J Clin Med. 2022 Jun 3;11(11):3202. doi: 10.3390/jcm11113202.

Abstract

Background: Postsurgical hypoparathyroidism (PH) is the most common side effect of bilateral thyroid resections. Data regarding the time course of recovery from PH are currently unavailable. Therefore, a detailed analysis of the time course of PH recovery and conditions associated with rapid recovery was conducted.
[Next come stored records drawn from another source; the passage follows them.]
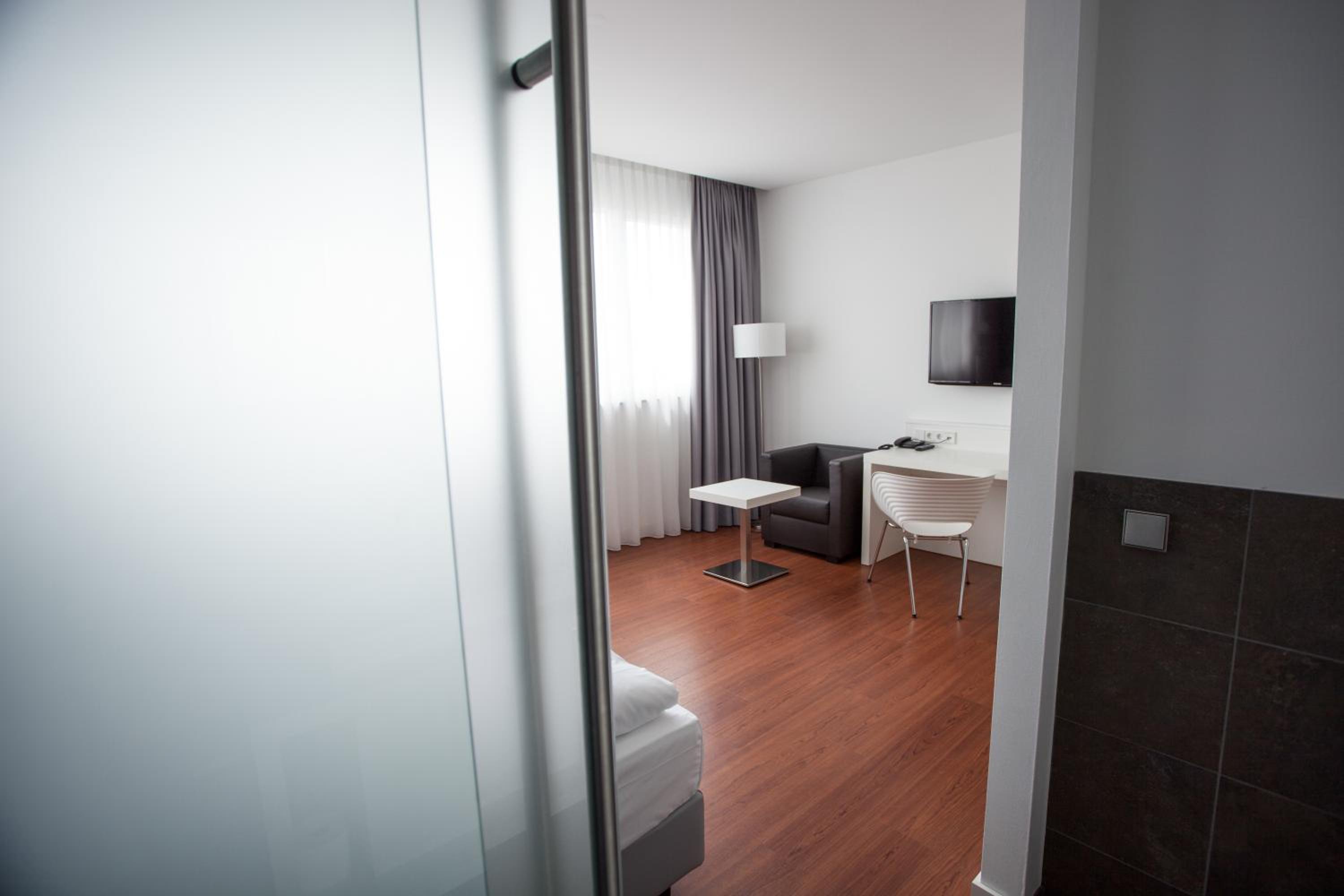 Double Room - Photo 6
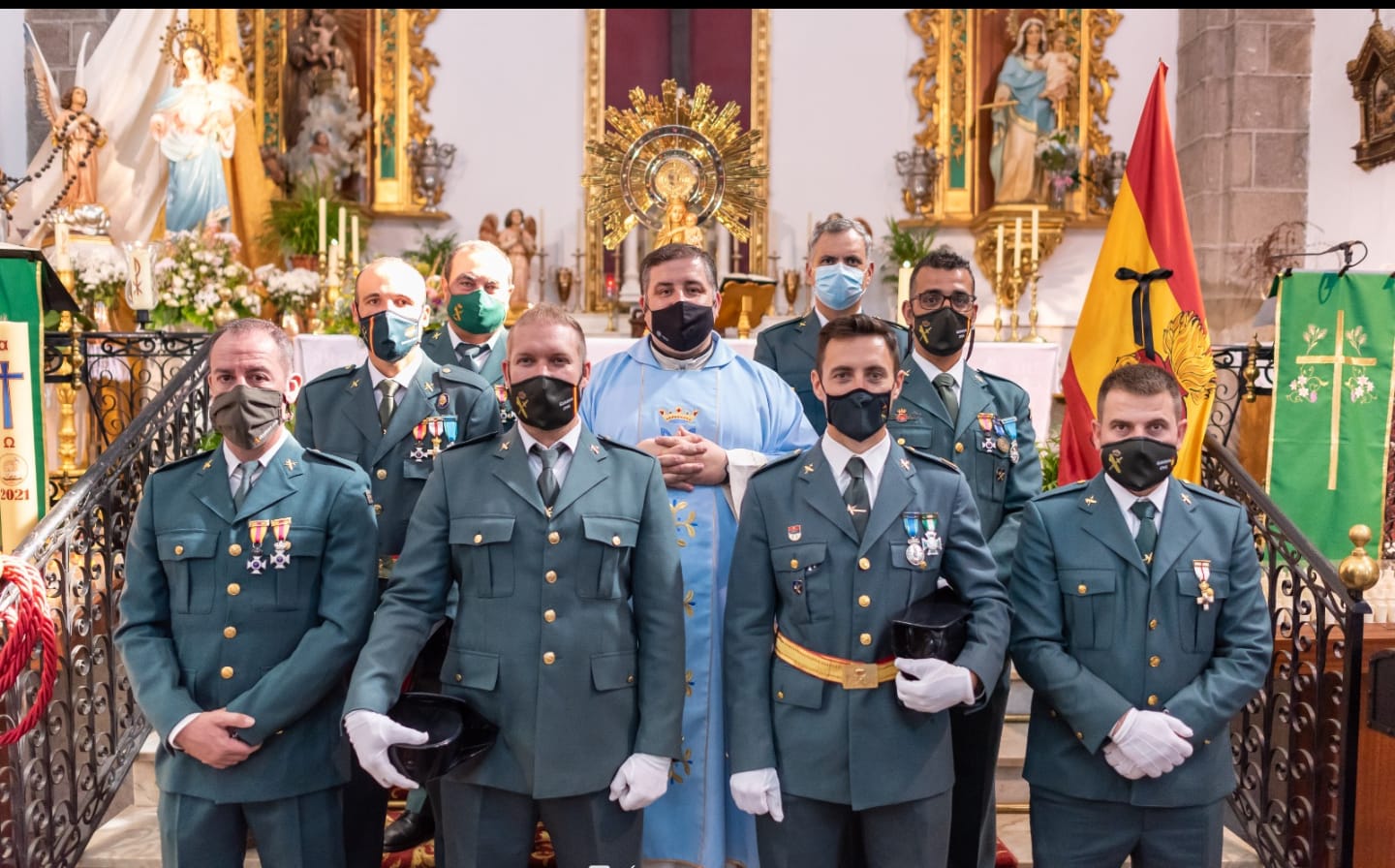 La misa en honor a la Virgen del Pilar contó con la presencia de la Guardia Civil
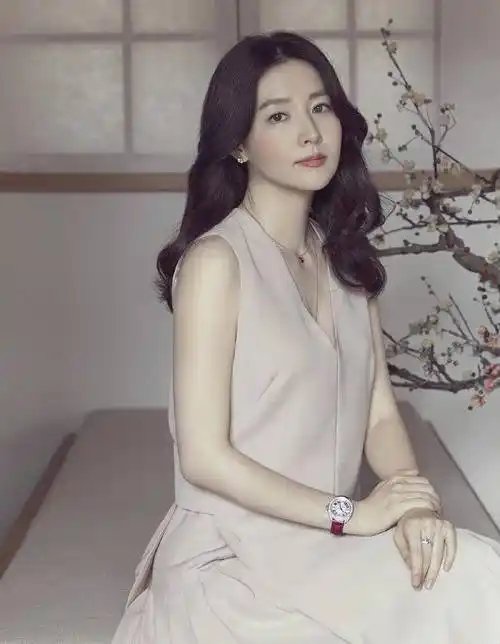 原创过了45岁的女人学李英爱穿浅色系搭配有高级感显贵并不难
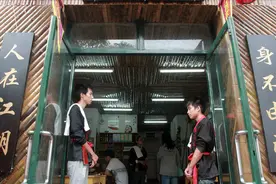 成都一家菜馆利用“赌性”营销，一年盈利320万，生意策略可借鉴图片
Methods: This is a retrospective analysis of prospectively documented data. Patients with biochemical signs of PH or need for calcium supplementation were followed-up for 12 months. Logistic regression analyses were used to identify covariates of early as opposed to late recovery from PH. Results: There were 1097 thyroid resections performed from 06/2015 to 07/2016 with n = 143 PH. Median recovery time was 8 weeks and six patients (1.1% of total thyroid resections) required calcium supplementation > 12 months. Recovery of PH within 4 and 12 weeks was characterized by high PTH levels on the first postoperative day (4 weeks: OR 1.13, 95% CI 1.06−1.20; 12 weeks: OR 1.08, 95%CI 1.01−1.16). Visualization of all PTGs emerged as an independent predictor of recovery within 12 months (OR 2.32, 95% CI 1.01−4.93) and 24 weeks (OR 2.69, 95% CI 1.08−6.69). Conclusion: In the setting of specialized high-volume endocrine surgery, permanent PH is rare. However, every second patient will require more than 2 months of continued medical surveillance. Early recovery was associated with only moderately decreased postsurgical PTH-levels. Successful late recovery appeared to be associated with the number of parathyroid glands visualized during surgery.

Keywords: postsurgical hypoparathyroidism; risk-factor analysis; thyroid surgery; time course.

Grants and funding

This research received no external funding.